◆ WORK TO COMPLETE: Read the data that follows. Then repeat it exactly.

[Scraped caption text data]

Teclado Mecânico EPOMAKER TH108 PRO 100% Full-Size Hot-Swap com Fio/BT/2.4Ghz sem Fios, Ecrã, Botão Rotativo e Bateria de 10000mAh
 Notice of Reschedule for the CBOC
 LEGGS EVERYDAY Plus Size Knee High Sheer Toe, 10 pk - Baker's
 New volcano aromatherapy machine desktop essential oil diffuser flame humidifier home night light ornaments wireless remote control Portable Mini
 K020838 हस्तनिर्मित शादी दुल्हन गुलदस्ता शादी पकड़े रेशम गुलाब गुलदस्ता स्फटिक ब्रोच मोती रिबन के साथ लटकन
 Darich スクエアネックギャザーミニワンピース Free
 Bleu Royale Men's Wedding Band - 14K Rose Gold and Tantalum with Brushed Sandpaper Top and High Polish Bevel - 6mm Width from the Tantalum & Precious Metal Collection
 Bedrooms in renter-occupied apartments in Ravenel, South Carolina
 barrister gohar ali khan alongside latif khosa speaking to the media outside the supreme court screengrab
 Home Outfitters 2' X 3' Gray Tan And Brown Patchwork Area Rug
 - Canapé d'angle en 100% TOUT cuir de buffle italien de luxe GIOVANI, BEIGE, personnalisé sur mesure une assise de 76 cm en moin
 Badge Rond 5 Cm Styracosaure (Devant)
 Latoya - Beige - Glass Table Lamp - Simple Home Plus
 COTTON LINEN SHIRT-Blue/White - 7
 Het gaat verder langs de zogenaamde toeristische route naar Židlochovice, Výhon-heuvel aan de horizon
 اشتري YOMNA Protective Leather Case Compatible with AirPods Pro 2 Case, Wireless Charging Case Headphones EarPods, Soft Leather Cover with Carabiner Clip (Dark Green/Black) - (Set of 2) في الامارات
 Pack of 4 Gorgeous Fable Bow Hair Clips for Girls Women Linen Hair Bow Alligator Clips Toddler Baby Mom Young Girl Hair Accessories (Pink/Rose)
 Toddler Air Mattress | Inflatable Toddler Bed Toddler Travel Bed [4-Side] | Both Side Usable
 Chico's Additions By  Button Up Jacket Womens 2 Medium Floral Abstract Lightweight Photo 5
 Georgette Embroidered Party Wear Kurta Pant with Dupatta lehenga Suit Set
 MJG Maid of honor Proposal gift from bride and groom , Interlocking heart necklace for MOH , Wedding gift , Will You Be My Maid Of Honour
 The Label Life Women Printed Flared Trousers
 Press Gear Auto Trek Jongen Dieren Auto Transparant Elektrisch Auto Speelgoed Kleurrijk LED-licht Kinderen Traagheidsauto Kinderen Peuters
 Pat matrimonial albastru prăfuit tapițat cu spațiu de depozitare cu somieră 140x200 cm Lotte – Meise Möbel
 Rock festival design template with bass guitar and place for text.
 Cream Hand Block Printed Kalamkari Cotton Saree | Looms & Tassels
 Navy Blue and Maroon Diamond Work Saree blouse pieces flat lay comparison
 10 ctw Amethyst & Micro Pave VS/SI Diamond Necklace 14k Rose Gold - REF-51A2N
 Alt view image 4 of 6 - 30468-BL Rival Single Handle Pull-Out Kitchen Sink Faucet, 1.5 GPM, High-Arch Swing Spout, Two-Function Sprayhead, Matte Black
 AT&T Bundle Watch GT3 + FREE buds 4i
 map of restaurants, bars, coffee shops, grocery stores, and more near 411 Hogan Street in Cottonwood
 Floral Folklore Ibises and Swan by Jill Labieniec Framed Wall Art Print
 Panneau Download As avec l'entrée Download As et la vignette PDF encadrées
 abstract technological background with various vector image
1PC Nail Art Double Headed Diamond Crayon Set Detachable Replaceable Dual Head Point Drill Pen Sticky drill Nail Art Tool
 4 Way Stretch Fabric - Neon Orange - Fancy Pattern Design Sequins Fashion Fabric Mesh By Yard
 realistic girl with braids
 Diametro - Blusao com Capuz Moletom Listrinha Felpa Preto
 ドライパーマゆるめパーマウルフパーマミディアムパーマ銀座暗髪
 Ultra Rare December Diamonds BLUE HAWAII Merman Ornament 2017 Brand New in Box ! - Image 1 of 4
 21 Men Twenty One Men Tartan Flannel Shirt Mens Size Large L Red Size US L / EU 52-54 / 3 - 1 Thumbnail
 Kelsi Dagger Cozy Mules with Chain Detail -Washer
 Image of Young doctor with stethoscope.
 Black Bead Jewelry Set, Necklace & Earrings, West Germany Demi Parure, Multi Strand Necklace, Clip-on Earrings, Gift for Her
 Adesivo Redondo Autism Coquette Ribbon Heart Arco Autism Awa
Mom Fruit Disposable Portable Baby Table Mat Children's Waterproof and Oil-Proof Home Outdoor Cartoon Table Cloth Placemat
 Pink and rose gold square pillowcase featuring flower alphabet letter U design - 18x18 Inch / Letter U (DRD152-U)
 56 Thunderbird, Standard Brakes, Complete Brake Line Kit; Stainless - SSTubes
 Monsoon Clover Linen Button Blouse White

◆ TASK SOLUTION:
Teclado Mecânico EPOMAKER TH108 PRO 100% Full-Size Hot-Swap com Fio/BT/2.4Ghz sem Fios, Ecrã, Botão Rotativo e Bateria de 10000mAh
 Notice of Reschedule for the CBOC
 LEGGS EVERYDAY Plus Size Knee High Sheer Toe, 10 pk - Baker's
 New volcano aromatherapy machine desktop essential oil diffuser flame humidifier home night light ornaments wireless remote control Portable Mini
 K020838 हस्तनिर्मित शादी दुल्हन गुलदस्ता शादी पकड़े रेशम गुलाब गुलदस्ता स्फटिक ब्रोच मोती रिबन के साथ लटकन
 Darich スクエアネックギャザーミニワンピース Free
 Bleu Royale Men's Wedding Band - 14K Rose Gold and Tantalum with Brushed Sandpaper Top and High Polish Bevel - 6mm Width from the Tantalum & Precious Metal Collection
 Bedrooms in renter-occupied apartments in Ravenel, South Carolina
 barrister gohar ali khan alongside latif khosa speaking to the media outside the supreme court screengrab
 Home Outfitters 2' X 3' Gray Tan And Brown Patchwork Area Rug
 - Canapé d'angle en 100% TOUT cuir de buffle italien de luxe GIOVANI, BEIGE, personnalisé sur mesure une assise de 76 cm en moin
 Badge Rond 5 Cm Styracosaure (Devant)
 Latoya - Beige - Glass Table Lamp - Simple Home Plus
 COTTON LINEN SHIRT-Blue/White - 7
 Het gaat verder langs de zogenaamde toeristische route naar Židlochovice, Výhon-heuvel aan de horizon
 اشتري YOMNA Protective Leather Case Compatible with AirPods Pro 2 Case, Wireless Charging Case Headphones EarPods, Soft Leather Cover with Carabiner Clip (Dark Green/Black) - (Set of 2) في الامارات
 Pack of 4 Gorgeous Fable Bow Hair Clips for Girls Women Linen Hair Bow Alligator Clips Toddler Baby Mom Young Girl Hair Accessories (Pink/Rose)
 Toddler Air Mattress | Inflatable Toddler Bed Toddler Travel Bed [4-Side] | Both Side Usable
 Chico's Additions By  Button Up Jacket Womens 2 Medium Floral Abstract Lightweight Photo 5
 Georgette Embroidered Party Wear Kurta Pant with Dupatta lehenga Suit Set
 MJG Maid of honor Proposal gift from bride and groom , Interlocking heart necklace for MOH , Wedding gift , Will You Be My Maid Of Honour
 The Label Life Women Printed Flared Trousers
 Press Gear Auto Trek Jongen Dieren Auto Transparant Elektrisch Auto Speelgoed Kleurrijk LED-licht Kinderen Traagheidsauto Kinderen Peuters
 Pat matrimonial albastru prăfuit tapițat cu spațiu de depozitare cu somieră 140x200 cm Lotte – Meise Möbel
 Rock festival design template with bass guitar and place for text.
 Cream Hand Block Printed Kalamkari Cotton Saree | Looms & Tassels
 Navy Blue and Maroon Diamond Work Saree blouse pieces flat lay comparison
 10 ctw Amethyst & Micro Pave VS/SI Diamond Necklace 14k Rose Gold - REF-51A2N
 Alt view image 4 of 6 - 30468-BL Rival Single Handle Pull-Out Kitchen Sink Faucet, 1.5 GPM, High-Arch Swing Spout, Two-Function Sprayhead, Matte Black
 AT&T Bundle Watch GT3 + FREE buds 4i
 map of restaurants, bars, coffee shops, grocery stores, and more near 411 Hogan Street in Cottonwood
 Floral Folklore Ibises and Swan by Jill Labieniec Framed Wall Art Print
 Panneau Download As avec l'entrée Download As et la vignette PDF encadrées
 abstract technological background with various vector image
1PC Nail Art Double Headed Diamond Crayon Set Detachable Replaceable Dual Head Point Drill Pen Sticky drill Nail Art Tool
 4 Way Stretch Fabric - Neon Orange - Fancy Pattern Design Sequins Fashion Fabric Mesh By Yard
 realistic girl with braids
 Diametro - Blusao com Capuz Moletom Listrinha Felpa Preto
 ドライパーマゆるめパーマウルフパーマミディアムパーマ銀座暗髪
 Ultra Rare December Diamonds BLUE HAWAII Merman Ornament 2017 Brand New in Box ! - Image 1 of 4
 21 Men Twenty One Men Tartan Flannel Shirt Mens Size Large L Red Size US L / EU 52-54 / 3 - 1 Thumbnail
 Kelsi Dagger Cozy Mules with Chain Detail -Washer
 Image of Young doctor with stethoscope.
 Black Bead Jewelry Set, Necklace & Earrings, West Germany Demi Parure, Multi Strand Necklace, Clip-on Earrings, Gift for Her
 Adesivo Redondo Autism Coquette Ribbon Heart Arco Autism Awa
Mom Fruit Disposable Portable Baby Table Mat Children's Waterproof and Oil-Proof Home Outdoor Cartoon Table Cloth Placemat
 Pink and rose gold square pillowcase featuring flower alphabet letter U design - 18x18 Inch / Letter U (DRD152-U)
 56 Thunderbird, Standard Brakes, Complete Brake Line Kit; Stainless - SSTubes
 Monsoon Clover Linen Button Blouse White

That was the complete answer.